Embedded Learning Library
Microsoft has released the Embedded Learning Library, offering developers a pre-trained image recognition model for Raspberry Pi and other developer boards.
Early preview of Embedded Learning Library (ELL) is part of Microsoft’s effort to miniaturize machine-learning software for a range of extremely low-powered chips on devices that aren’t connected to cloud.
A team at the Microsoft Research lab is working on compressing its machine learning models to work on the Cortex-M0, an ARM processor no bigger than breadcrumb.
The aim is to push machine learning to devices without internet, such as brain implants. Microsoft’s new art feature for its Pix iPhone photo app uses AI on the device. But, the plan is to enable it on much less powerful chips, such as a brain implant, which might need to work without a network connection.
Its current compression efforts resulted in machine learning models 10 to 100 times smaller. But, to get it running on a Cortex M0, the models need to be 1,000 to 10,000 times smaller.
Today, ELL is available for the relatively powerful and large Raspberry Pi, Arduinos, BBC’s microbit and other microcontrollers. ELL devices relies on compressed machine learning models that trained for cloud. The devices work on Cortex-M0 training algorithms that tuned for specific scenarios.

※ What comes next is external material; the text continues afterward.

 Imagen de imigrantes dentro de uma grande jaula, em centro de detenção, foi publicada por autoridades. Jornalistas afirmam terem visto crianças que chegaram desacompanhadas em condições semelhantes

The smallest device the researchers have tested is the single-board computer, Arduino Uno, which has 2 kilobytes of RAM.
A group of Microsoft researchers trained a computer vision model to deal with a squirrel problem in his yard. Researchers deployed the model on a Raspberry Pi 3 hooked up with a webcam, which switches on sprinkler system when it detects a squirrel.
Microsoft offered instructions on GitHub for makers started with similar system, which recognizes objects and prints a label.